Azerbaijan Evangelicals: Conflict with Armenians Is Not a Religious War

Church of Kish in Azerbaijan, by Asif Masimov

Vadim Melnikov once fought for the land of Noah.

Donning his Azerbaijani uniform 17 years ago, the ethnic Russian took his post to defend Nakhchivan, an Azeri enclave bordering Turkey and separated from their countrymen by the nation of Armenia.

Known in both the Armenian and Azeri languages as “the place of descent,” referring to Noah’s landing on nearby Mt. Ararat, Nakhchivan is a geographical reminder of the mixed ethnic composition of the Caucasus Mountains.

As is Nagorno-Karabakh, an Armenian enclave within Azerbaijan.

Its etymology is also a reminder of the region’s diversity. Nagorno is Russian for mountains, while Karabakh combines the Turkic for black and the Persian for garden.

Armenians call it Artsakh, the name of a province in their ancient kingdom.
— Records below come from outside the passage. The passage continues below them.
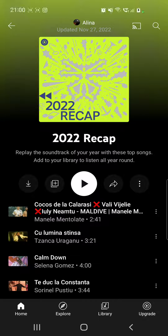How to rewatch your YouTube Music Recap 2022. Hello guys and welcome to our channel, welcome to World of Apps. If you want to know how you can rewatch your YouTube recap, then this is the video for you.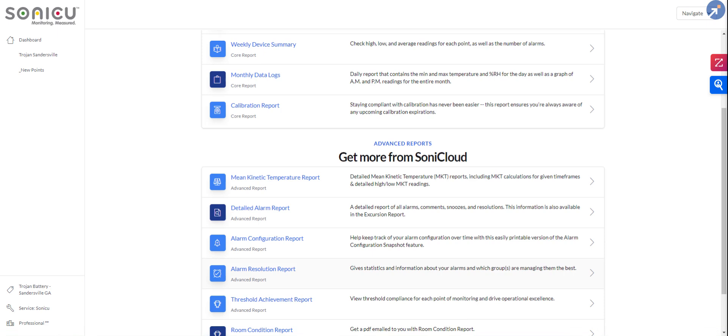We also have escalating and repeating alarms. So if we alert group A that there's been a temperature excursion, they don't respond in a set period of time, we can re-alert group A and then we can also escalate to a B, C, D, so on and so forth. And those alerts come in a variety of fashions from email to text message to a phone call and a push notification through the app itself.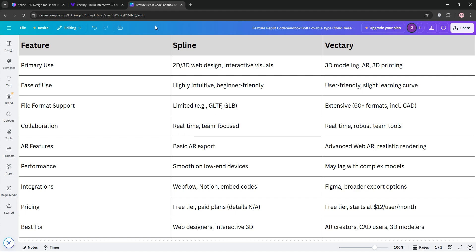Here's a quick chart to sum it up. If you're a web designer focused on seamless 3D web integration, go with Spline. For versatile 3D modeling, AR, or CAD projects, Vectory is your pick. Both are awesome, so try their free versions to see what fits. Which tool are you trying first? Let us know below, and don't forget to like and subscribe for more tech tips. See you in the next video.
For the last three weeks, they have been defending their de facto control of the region as Azerbaijan fights to reassert its sovereignty.
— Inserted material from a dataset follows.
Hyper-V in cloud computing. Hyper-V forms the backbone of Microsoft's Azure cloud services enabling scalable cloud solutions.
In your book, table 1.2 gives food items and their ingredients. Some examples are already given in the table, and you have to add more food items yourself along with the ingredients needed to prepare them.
As Melnikov did decades ago in Nakhchivan. Armenian soldiers crossed into Azeri mountain villages, before his unit drove them out.

This was one of the many border conflicts that followed a war of demography. But in the years before and after the 1991 independence of both nations, about 30,000 people were killed as hundreds of thousands on both sides fled or were driven to their lands of ethnic majority.
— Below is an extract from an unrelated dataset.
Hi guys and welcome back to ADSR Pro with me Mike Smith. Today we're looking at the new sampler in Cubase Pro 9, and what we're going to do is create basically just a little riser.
A 1994 ceasefire established the status quo, and the Minsk Group—headed by Russia, France, and the United States—preside over negotiations.

Despite the previous ethnic violence, Azerbaijan boasts that it remains a nation of multicultural tolerance. Of its 10 million population, 96 percent are Muslim—roughly two-thirds Shiite and one-third Sunni. Russian Orthodox represent two-thirds of the Christian population, while over 15,000 Jews date back to the Old Testament era.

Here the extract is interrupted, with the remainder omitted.